The film is a scathing critique on marriage and asks tough questions about the viability of staying in a long term relationship with one person and the possibility of happiness within a monogamous partnership.

The attractive actors give exceptionally intimate performances that look spontaneous and make us feel like intruders in a couple’s most private moments. The sexual moments are not sensual but are meant to show the emotional distance growing between them.

This couple has big plans to renovate a newly purchased house that will become their dream home, but the dream slowly dissolves as the dysfunction between them grows and the house falls apart like their marriage. They literally grow apart from each other and seem unable to come to any common ground, as much as we want to see them achieve their dreams.

Director Anahí Berneri uses the camera to give the effect of an intimate fly-on-the-wall style documentary that helps give the film a personal quality. 
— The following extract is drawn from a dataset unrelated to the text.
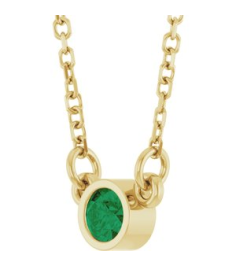61134 Necklace Set 14K Yellow Round Natural Emerald 3 Mm 16 In Polished Natural Emerald Solitaire Necklace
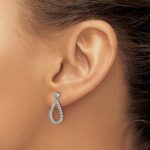 14k White Gold 1/4 carat Lab Grown Diamond VS/SI+ G+ Complete Dangle Teardrop Post Earrings - Image 3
There are no easy answers to marriage’s many problems but the film can be seen as a cautionary tale depicting many of the little annoyances in every relationship, and how they are brought to bear and gradually build to a point, if not acknowledged, that it comes to a destructive and tragic end, bringing out the worst qualities in people despite the best of intentions. 

The film takes its time to show us a complete life between two people and their young son and moves along at a steady sometimes tedious pace, which is the point of the film I would say. But like Boyhood (2014), the moments eventually grow into more than the sum of its parts and the dramatic ending is a poignant and satisfying one.

Aire Libre had its world premiere at the TIFF 2014 Toronto International Film Festival. 

JP

1 comment:

Shiran said...

Sounds like an Argentinian "Kramer vs Kramer". Well reviewed.